I have been haunted ever since I read the story that Lisa Goes wrote for “Age of Autism” about Alex Spourdalakis. (If you did not hear about this story, please click here to read.) Many times I’ve tried to erase the image of the naked, fourteen-year-old, non-verbal boy with all four limbs shackled in a Chicago hospital and red splotches all over his body.
But, I can’t.
The story of this courageous mother and the battle that she and her autistic son faced for 34 days in a United States healthcare facility makes my heart hurt and leaves a sick feeling in my stomach. It also makes me long for the day that conventional medicine and biomedical converge and start collaborating together. I pray for a day when it is no longer us versus them. And when that day comes, great things will happen.

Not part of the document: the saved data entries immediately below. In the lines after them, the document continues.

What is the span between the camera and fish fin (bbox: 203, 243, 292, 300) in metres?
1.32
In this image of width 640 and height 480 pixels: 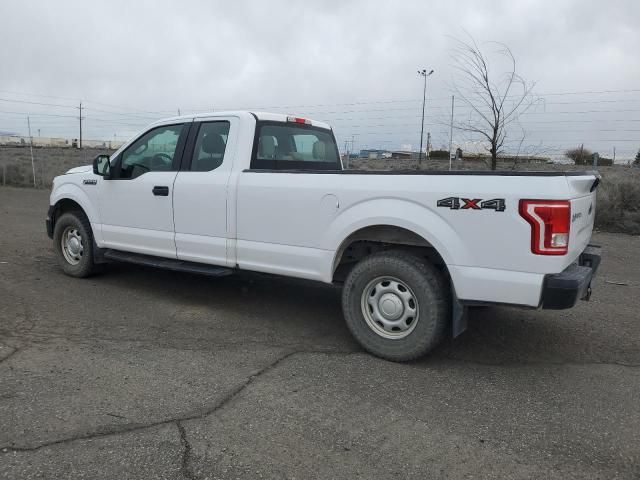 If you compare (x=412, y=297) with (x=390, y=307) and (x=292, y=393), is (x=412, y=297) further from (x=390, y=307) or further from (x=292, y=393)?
(x=292, y=393)

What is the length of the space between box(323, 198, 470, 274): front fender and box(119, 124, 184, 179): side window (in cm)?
220

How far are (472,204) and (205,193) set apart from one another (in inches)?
102

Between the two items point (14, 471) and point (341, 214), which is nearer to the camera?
point (14, 471)

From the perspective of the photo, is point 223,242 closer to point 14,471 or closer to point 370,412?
point 370,412

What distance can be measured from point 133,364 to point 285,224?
5.42 ft

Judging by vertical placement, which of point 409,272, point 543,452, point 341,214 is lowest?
point 543,452

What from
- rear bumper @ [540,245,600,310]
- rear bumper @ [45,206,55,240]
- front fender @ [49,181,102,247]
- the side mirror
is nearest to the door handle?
the side mirror

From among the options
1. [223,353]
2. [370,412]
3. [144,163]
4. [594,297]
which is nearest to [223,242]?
[223,353]

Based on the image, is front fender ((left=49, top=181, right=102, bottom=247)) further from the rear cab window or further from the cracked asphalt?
the rear cab window

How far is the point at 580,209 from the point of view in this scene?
12.9 ft

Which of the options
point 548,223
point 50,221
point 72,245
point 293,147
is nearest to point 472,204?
point 548,223

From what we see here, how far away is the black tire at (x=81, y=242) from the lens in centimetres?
653

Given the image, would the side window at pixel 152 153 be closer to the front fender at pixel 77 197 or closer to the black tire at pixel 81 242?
the front fender at pixel 77 197

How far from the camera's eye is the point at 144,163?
5.99 m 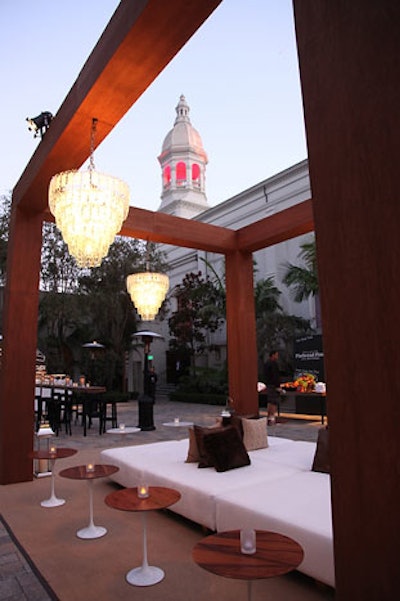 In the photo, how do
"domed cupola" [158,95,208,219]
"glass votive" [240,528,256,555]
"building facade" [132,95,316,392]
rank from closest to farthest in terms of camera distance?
"glass votive" [240,528,256,555] < "building facade" [132,95,316,392] < "domed cupola" [158,95,208,219]

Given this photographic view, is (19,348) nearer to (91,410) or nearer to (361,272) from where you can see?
(91,410)

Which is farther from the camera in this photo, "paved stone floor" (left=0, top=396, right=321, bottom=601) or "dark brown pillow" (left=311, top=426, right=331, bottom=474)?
"dark brown pillow" (left=311, top=426, right=331, bottom=474)

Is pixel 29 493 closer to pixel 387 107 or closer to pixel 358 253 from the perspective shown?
pixel 358 253

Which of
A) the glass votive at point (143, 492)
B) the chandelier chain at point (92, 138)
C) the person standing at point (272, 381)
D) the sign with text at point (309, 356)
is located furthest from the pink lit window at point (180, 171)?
the glass votive at point (143, 492)

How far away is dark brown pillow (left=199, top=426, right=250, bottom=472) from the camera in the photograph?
4.11 metres

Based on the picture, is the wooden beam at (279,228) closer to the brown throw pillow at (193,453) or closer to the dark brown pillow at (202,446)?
the dark brown pillow at (202,446)

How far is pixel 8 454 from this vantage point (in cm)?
523

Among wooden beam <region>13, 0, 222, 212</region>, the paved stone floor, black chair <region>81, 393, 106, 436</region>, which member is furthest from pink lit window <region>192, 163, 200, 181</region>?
wooden beam <region>13, 0, 222, 212</region>

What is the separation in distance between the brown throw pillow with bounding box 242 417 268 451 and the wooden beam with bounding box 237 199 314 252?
3090 millimetres

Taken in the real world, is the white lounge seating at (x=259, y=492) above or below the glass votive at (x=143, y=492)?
below

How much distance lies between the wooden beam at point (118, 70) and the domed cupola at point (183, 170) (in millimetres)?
22634

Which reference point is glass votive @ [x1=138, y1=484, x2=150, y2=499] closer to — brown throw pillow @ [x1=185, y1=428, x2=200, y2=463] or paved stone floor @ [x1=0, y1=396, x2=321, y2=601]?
paved stone floor @ [x1=0, y1=396, x2=321, y2=601]

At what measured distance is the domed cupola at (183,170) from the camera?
27.2 m

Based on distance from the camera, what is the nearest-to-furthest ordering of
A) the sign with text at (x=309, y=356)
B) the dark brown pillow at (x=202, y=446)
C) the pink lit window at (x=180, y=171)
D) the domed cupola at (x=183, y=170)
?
the dark brown pillow at (x=202, y=446)
the sign with text at (x=309, y=356)
the domed cupola at (x=183, y=170)
the pink lit window at (x=180, y=171) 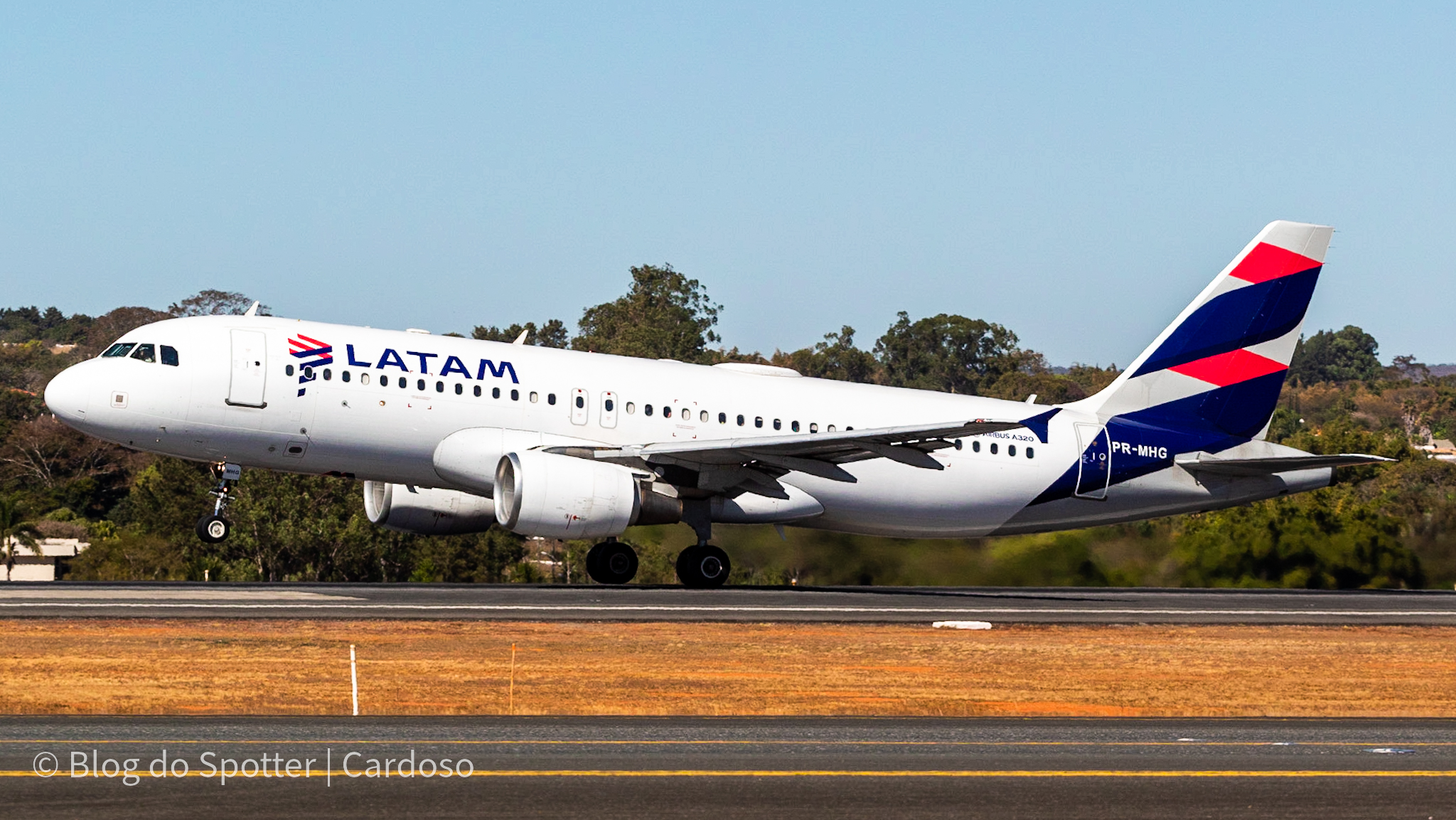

I think the great English nurse Florence Nightingale would agree with this sentiment because one of her greatest quotes is:
Earlier this month, marked the birthday of this heroine who is known for the strides she made in healthcare reform. Nightingale knew at an early age that nursing was her calling and rejected the Victorian Era notion that ladies should marry a well-to-do man and settle into a life of complacency.
She was smart and strong-willed and changed the way society viewed nurses. What I love about her story is that she essentially did it single-handedly. She didn’t adhere to traditional beliefs, she worked hard to educate herself, and she built a stellar reputation. Because of this, in 1854 when 18,000 wounded soldiers were admitted into military hospitals devoid of nurses during the Crimean War, she was called in to the rescue.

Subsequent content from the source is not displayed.